[RECORDS SHOWN Boundary: Start]
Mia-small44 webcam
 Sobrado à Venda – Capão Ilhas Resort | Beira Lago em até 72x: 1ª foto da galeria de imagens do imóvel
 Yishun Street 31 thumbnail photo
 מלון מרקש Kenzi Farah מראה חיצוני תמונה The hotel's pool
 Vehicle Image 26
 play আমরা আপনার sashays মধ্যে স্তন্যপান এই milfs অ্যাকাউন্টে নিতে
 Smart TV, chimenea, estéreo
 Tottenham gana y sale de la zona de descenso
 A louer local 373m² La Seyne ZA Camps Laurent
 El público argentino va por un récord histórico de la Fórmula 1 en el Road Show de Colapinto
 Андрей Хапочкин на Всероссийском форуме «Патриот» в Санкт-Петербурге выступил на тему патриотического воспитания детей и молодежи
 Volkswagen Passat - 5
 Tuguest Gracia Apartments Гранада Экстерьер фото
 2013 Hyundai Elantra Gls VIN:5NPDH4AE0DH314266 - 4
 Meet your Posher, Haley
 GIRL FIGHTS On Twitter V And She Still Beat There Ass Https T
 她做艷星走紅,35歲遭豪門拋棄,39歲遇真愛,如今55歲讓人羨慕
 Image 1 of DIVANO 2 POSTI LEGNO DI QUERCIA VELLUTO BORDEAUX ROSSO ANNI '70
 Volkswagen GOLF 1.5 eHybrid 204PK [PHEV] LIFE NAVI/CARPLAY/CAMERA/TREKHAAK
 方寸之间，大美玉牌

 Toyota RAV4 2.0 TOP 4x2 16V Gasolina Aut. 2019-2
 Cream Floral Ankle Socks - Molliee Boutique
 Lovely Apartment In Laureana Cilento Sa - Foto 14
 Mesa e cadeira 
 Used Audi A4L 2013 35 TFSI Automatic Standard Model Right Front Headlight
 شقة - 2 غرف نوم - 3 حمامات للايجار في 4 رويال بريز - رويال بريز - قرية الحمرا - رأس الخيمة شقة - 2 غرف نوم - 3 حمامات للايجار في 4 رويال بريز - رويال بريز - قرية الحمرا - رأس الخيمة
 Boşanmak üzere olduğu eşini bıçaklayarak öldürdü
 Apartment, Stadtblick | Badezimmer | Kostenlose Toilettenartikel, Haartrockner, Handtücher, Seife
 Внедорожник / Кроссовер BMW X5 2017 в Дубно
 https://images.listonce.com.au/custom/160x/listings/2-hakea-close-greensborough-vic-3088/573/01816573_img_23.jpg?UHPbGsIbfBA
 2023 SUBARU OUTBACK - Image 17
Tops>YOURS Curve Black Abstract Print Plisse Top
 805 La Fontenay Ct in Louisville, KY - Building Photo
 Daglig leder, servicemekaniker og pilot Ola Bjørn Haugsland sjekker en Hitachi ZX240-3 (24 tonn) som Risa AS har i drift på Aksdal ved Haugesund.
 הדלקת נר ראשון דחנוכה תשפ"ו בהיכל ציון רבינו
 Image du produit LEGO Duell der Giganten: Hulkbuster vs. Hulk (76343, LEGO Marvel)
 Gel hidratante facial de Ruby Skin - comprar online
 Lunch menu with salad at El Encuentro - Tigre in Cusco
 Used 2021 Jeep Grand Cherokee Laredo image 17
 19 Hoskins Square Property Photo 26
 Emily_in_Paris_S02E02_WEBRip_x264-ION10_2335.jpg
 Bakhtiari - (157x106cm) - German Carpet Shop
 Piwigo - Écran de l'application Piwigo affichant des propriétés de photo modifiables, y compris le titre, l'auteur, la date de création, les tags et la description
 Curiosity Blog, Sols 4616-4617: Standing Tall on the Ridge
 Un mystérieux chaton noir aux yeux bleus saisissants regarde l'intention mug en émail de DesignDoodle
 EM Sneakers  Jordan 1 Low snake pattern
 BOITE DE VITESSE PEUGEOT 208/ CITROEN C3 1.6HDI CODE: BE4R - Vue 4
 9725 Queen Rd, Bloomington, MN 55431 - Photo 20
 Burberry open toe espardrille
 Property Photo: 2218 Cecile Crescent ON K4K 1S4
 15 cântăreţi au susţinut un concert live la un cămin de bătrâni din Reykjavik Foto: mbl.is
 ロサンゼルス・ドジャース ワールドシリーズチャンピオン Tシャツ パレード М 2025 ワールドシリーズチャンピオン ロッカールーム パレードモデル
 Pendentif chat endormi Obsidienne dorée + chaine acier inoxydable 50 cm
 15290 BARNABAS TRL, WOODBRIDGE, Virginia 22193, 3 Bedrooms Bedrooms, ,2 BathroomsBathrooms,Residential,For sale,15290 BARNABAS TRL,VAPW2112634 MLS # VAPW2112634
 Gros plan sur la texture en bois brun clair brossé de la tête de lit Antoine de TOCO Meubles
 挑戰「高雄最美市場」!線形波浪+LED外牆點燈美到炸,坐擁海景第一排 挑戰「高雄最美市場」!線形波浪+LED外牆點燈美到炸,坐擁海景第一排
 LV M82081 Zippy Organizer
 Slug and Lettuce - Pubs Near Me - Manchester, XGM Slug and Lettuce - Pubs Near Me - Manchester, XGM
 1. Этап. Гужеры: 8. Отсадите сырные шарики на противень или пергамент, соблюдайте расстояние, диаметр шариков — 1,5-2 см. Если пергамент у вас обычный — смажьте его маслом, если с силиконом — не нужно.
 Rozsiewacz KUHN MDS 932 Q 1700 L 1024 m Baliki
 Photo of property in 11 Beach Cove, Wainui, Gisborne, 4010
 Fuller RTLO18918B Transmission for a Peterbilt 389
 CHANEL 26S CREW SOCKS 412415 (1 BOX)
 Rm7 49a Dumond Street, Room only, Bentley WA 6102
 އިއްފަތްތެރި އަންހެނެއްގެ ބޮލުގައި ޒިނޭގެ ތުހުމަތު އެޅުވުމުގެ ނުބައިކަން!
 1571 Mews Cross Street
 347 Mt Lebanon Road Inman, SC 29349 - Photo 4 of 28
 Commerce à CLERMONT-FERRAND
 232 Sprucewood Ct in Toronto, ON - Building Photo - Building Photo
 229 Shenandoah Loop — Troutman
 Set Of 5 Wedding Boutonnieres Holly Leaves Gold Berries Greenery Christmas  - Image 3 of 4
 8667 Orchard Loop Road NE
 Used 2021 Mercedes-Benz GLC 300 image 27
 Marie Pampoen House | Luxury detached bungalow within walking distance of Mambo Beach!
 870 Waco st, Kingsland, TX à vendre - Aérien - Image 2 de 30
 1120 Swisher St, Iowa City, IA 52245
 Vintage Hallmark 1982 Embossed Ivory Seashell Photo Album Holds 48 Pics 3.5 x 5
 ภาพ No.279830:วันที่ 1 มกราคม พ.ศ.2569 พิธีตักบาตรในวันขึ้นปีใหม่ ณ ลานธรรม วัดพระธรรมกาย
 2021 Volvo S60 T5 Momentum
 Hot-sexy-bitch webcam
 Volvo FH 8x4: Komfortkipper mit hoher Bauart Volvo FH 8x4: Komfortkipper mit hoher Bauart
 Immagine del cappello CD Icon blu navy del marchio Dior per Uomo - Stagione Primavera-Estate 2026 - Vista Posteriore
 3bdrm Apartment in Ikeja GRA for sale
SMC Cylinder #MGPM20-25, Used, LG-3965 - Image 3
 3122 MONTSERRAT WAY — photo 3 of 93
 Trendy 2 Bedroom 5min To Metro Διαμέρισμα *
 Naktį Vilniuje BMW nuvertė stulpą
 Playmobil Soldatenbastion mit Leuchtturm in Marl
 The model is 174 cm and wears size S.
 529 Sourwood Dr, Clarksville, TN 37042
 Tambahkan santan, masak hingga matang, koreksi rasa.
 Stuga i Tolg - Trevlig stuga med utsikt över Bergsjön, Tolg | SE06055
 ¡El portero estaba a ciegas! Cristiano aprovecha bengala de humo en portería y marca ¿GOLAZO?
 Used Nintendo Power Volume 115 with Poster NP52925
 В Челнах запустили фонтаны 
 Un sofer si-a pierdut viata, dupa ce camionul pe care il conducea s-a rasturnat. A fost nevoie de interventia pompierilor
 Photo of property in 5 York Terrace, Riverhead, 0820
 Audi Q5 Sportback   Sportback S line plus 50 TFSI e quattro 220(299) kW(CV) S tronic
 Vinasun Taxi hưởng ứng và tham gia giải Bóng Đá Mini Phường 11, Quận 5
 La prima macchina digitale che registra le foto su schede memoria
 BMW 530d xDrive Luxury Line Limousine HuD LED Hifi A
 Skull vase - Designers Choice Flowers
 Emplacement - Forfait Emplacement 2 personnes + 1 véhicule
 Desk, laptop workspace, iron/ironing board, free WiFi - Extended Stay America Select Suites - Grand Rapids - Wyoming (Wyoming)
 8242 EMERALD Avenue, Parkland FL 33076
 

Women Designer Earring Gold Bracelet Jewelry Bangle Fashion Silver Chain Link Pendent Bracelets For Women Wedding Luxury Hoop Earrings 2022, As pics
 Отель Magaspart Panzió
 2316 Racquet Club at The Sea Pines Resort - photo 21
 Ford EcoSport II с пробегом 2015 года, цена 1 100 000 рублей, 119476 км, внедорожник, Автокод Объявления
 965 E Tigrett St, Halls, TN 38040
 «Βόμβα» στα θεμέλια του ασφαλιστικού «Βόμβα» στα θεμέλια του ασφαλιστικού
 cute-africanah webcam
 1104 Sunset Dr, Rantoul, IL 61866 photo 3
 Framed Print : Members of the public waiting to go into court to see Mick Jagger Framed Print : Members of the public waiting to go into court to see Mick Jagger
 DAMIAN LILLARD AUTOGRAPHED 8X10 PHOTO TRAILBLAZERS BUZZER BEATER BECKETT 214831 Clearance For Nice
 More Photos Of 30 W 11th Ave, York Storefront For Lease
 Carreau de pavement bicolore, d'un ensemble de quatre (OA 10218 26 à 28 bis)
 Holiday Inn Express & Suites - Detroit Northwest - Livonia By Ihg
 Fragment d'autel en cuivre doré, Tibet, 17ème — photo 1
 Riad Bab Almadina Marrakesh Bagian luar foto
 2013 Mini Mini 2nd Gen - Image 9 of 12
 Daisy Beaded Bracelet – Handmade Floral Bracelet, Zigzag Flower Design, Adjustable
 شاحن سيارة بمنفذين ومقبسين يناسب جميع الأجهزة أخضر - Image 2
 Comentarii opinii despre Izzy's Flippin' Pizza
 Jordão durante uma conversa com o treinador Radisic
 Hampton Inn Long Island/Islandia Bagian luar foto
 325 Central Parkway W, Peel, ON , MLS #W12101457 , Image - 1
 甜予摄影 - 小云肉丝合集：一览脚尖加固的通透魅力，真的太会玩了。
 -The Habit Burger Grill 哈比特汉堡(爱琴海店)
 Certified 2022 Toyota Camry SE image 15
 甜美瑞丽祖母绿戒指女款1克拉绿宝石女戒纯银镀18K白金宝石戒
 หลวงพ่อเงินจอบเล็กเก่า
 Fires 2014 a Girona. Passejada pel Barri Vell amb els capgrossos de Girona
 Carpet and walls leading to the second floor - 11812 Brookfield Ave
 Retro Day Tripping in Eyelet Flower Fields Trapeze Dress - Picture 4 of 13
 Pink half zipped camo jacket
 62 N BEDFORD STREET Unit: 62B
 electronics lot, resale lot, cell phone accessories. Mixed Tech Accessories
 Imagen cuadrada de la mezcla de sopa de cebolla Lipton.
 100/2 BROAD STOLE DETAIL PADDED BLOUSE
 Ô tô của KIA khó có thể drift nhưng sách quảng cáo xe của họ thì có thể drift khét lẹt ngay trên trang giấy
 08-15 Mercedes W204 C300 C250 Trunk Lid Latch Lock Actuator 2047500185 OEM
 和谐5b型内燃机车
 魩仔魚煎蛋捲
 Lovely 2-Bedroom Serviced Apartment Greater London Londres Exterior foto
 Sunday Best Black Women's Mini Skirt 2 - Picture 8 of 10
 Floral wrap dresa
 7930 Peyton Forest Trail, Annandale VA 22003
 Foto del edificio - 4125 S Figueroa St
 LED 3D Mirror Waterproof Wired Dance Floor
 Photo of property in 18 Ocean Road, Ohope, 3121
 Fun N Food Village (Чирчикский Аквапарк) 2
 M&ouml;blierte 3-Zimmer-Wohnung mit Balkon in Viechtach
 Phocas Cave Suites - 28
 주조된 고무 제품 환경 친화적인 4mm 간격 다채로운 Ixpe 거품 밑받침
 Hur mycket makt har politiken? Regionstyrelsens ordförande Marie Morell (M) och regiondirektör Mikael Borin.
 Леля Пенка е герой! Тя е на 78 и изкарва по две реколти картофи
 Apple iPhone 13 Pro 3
[RECORDS SHOWN Boundary: End]
__ABOUT THIS TASK__.
Where in the records does the word "Bagian" appear? Copy each line that holds it.

__WRITTEN SOLUTION__.
 Riad Bab Almadina Marrakesh Bagian luar foto
 Hampton Inn Long Island/Islandia Bagian luar foto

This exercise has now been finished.